In a 2011 report titled “Grades That Mean Something” Guskey says teachers in the three school districts that piloted the new grading system were “nearly unanimous in agreeing that the standards-based reports provided better and clearer information, and that families found them easy to understand.”

Guskey says standards-based report cards offer parents more detailed information and better communicates what a student knows.

It can also include separate grades for homework, and other measurements without combining those into a single grade. Guskey says several other countries are already doing this and he says their teachers report it's actually less work on the teacher. But in Guskey's report he does note teachers surveyed said that the report cards did require more time.

To give a sense of how standards-based grading works, teachers could give a student a one if they're “struggling" to meet a certain standard or a four if the student shows “exemplary” knowledge of the standard. Teachers can average the scores at the end of the grading period to get the final grade.

But Guskey says tradition in the U.S. has held strong over nearly a century, which has made change difficult.

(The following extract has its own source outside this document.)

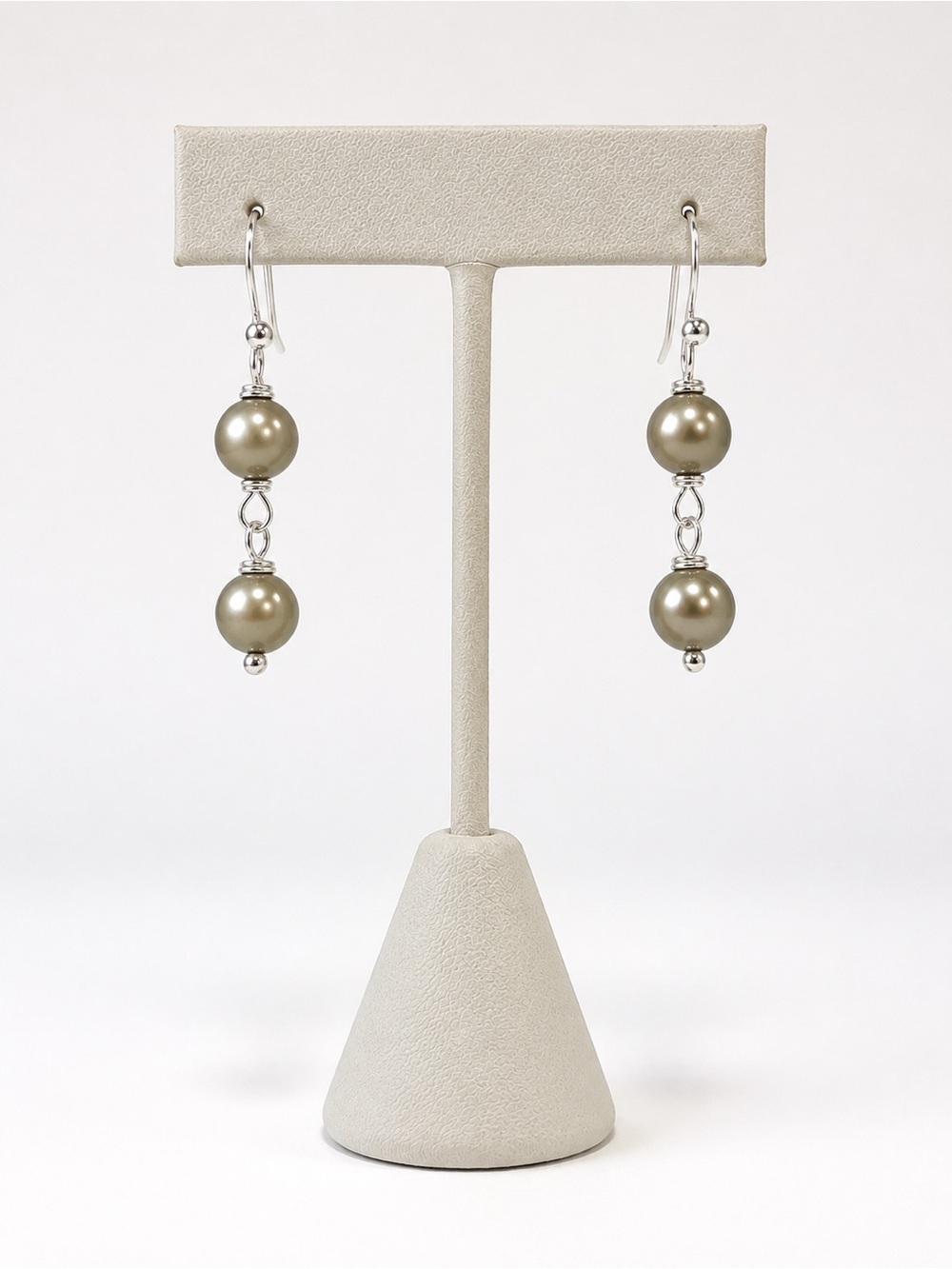 Swarovski Champagne Crystal Pearl Drop Earrings - Picture 2 of 4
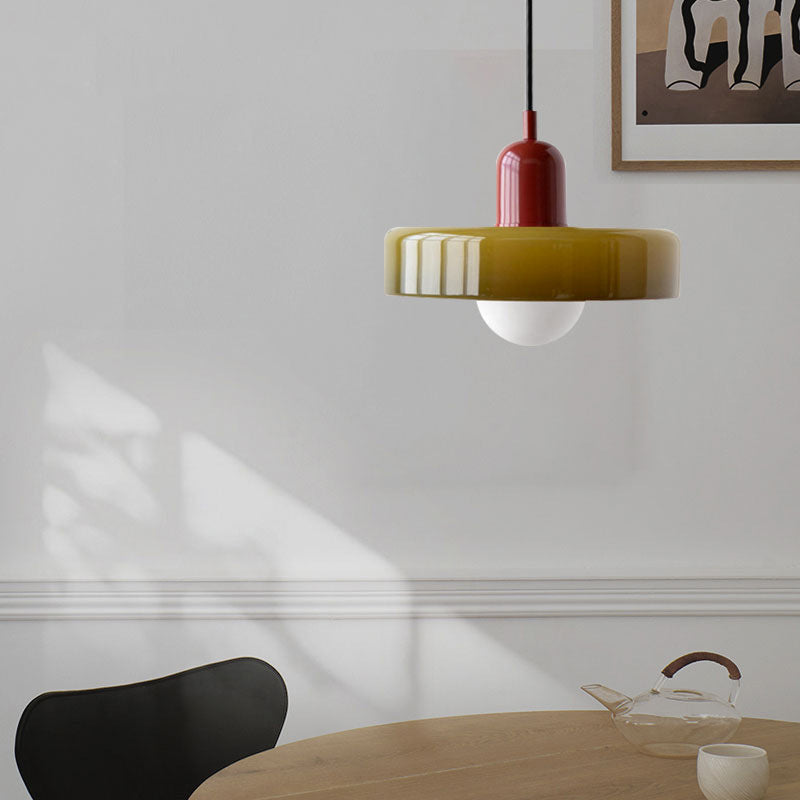AuroraLume Retro Nordic Glass Pendant Lamp With Soft Ambient Lighting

“My dad was recently going through his attic and found my grandmothers report card and that looks so similar I was shocked," he says.

The Kentucky Department of Education is supporting new efforts led by Guskey to develop a new standards-based grading system. There are now 20 districts that have shown an interest in piloting the report cards. Guskey says this includes new technology to replace the state’s online grading program, which he calls antiquated.

In the 2011 report, Guskey writes of the project, “we hope this will provide the basis for statewide implementation in three to five years.”